■ **YOUR INSTRUCTIONS**
Transcribe exactly, and only, the lines from the one containing "ridehest hanoveraner svart fuks" through the end of the entries below, leaving the pictures out.
━━━ GIVEN RECORDS
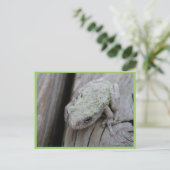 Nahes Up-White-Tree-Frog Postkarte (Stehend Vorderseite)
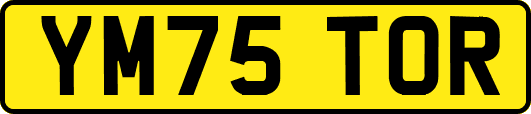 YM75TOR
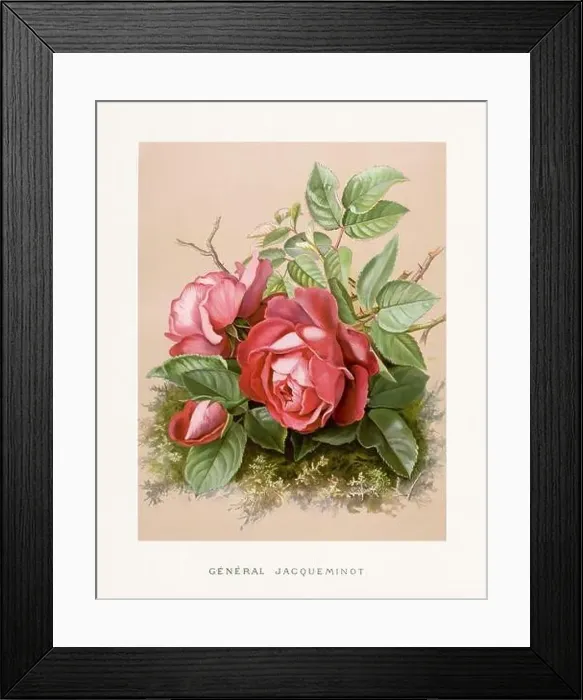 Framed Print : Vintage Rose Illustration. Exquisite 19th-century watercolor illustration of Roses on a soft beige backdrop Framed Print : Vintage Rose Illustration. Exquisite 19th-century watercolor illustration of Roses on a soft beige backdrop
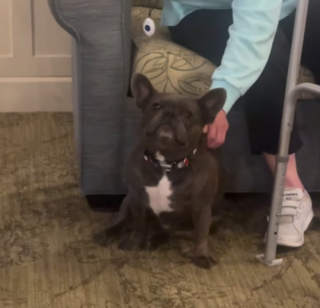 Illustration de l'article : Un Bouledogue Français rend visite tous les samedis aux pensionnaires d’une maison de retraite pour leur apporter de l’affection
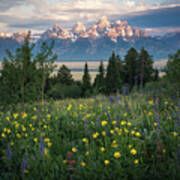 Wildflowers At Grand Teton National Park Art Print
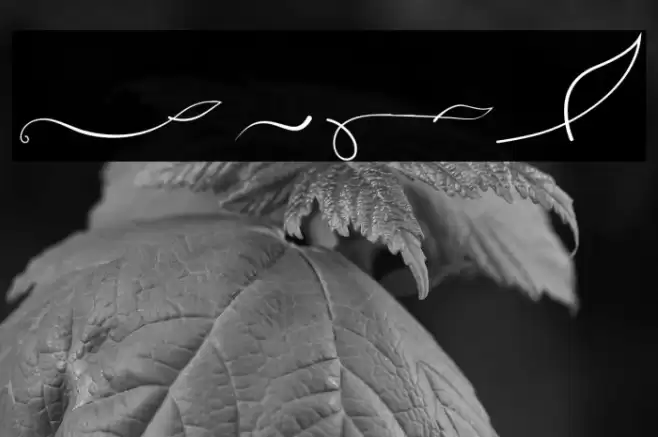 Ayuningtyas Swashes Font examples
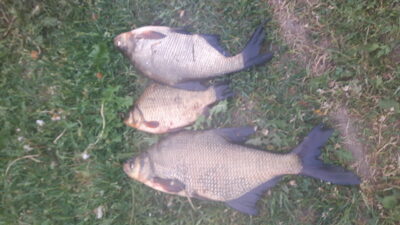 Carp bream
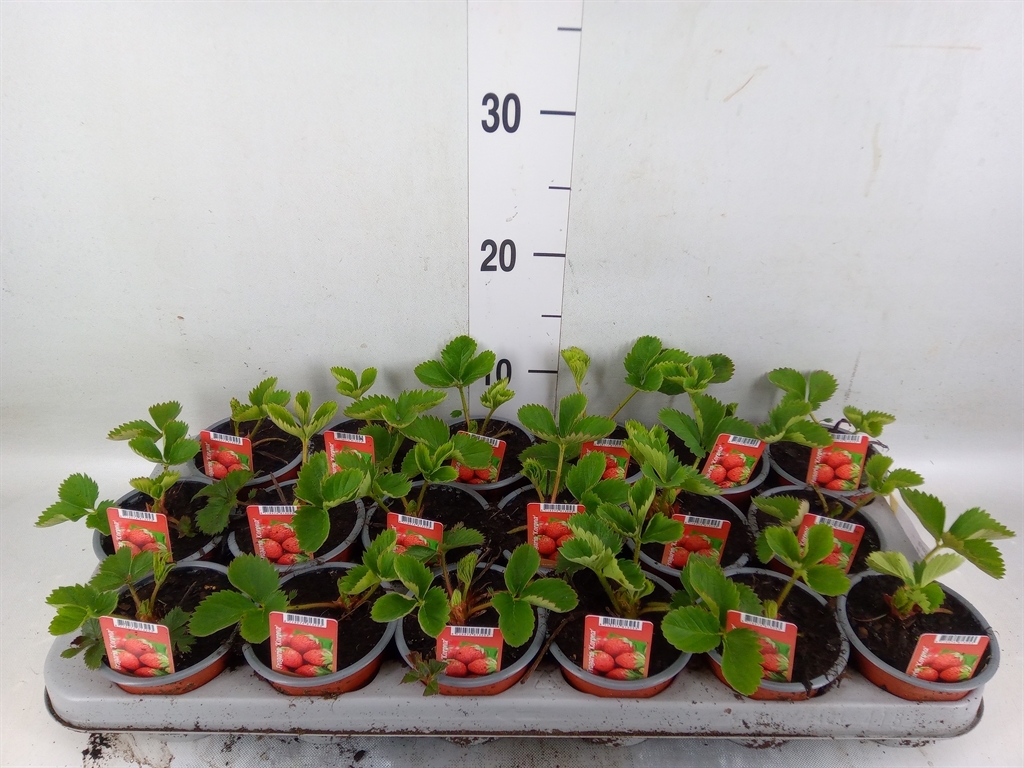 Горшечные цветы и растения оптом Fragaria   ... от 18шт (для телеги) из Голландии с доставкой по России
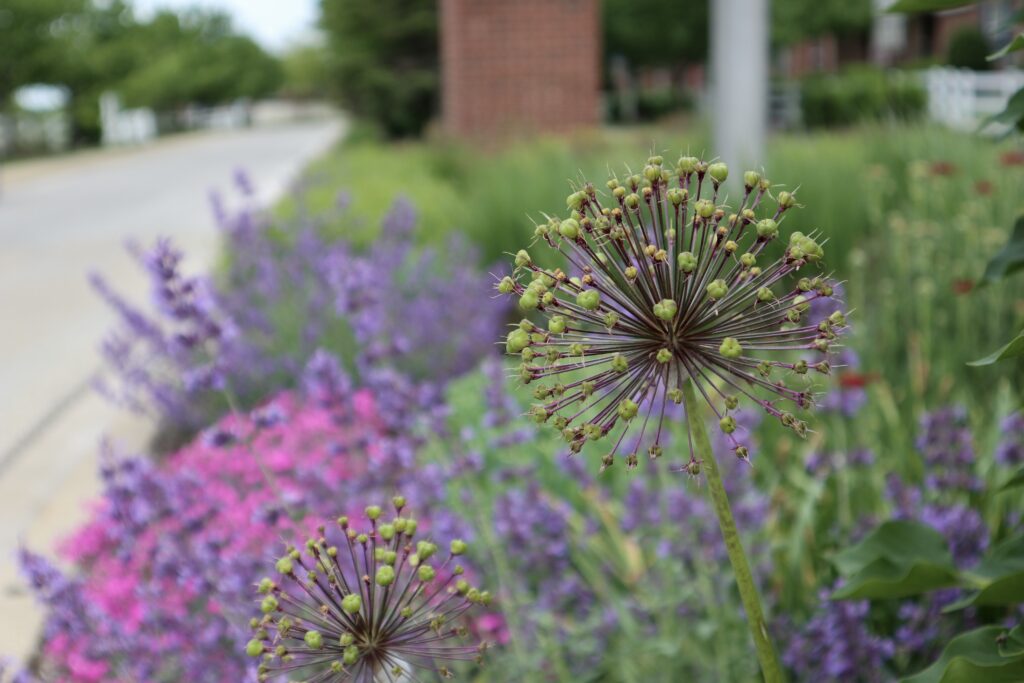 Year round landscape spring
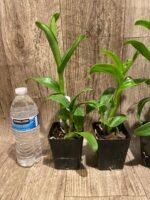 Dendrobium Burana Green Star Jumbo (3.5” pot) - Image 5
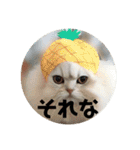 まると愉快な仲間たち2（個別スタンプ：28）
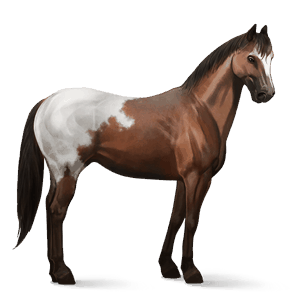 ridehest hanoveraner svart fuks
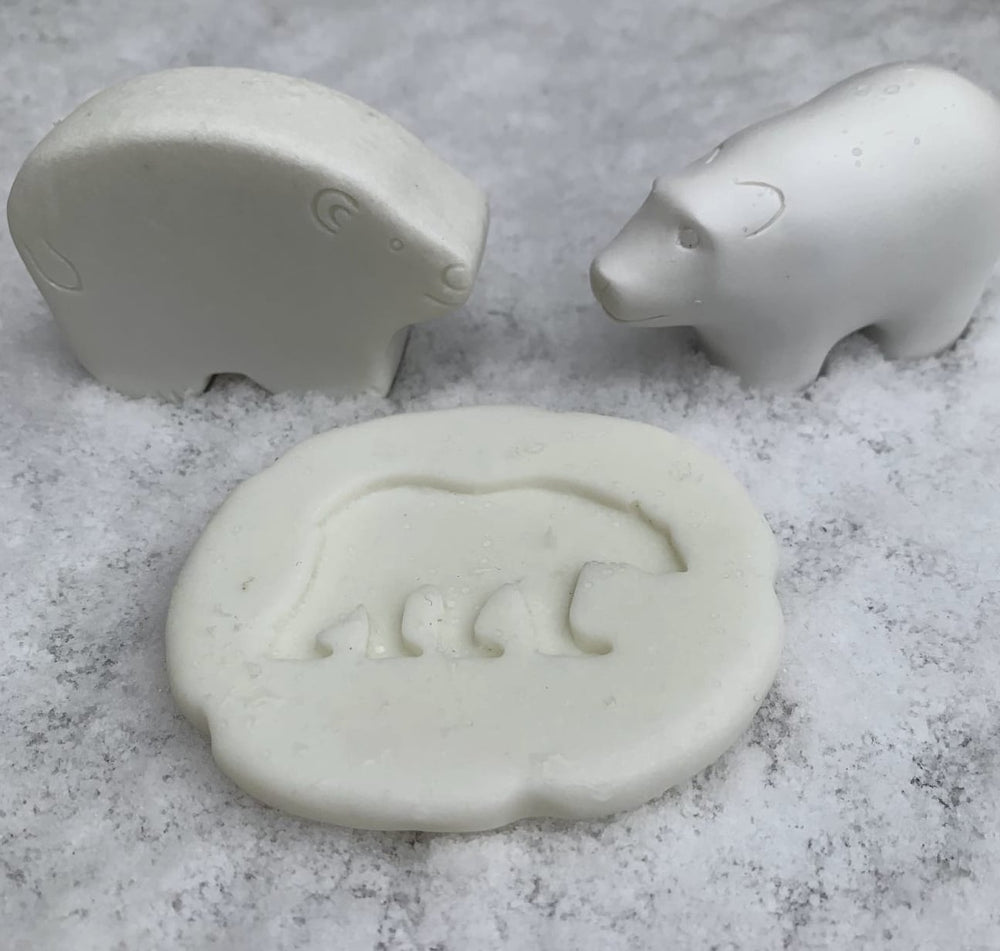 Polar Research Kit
━━━━━━
■ **SOLUTION**
 ridehest hanoveraner svart fuks
 Polar Research Kit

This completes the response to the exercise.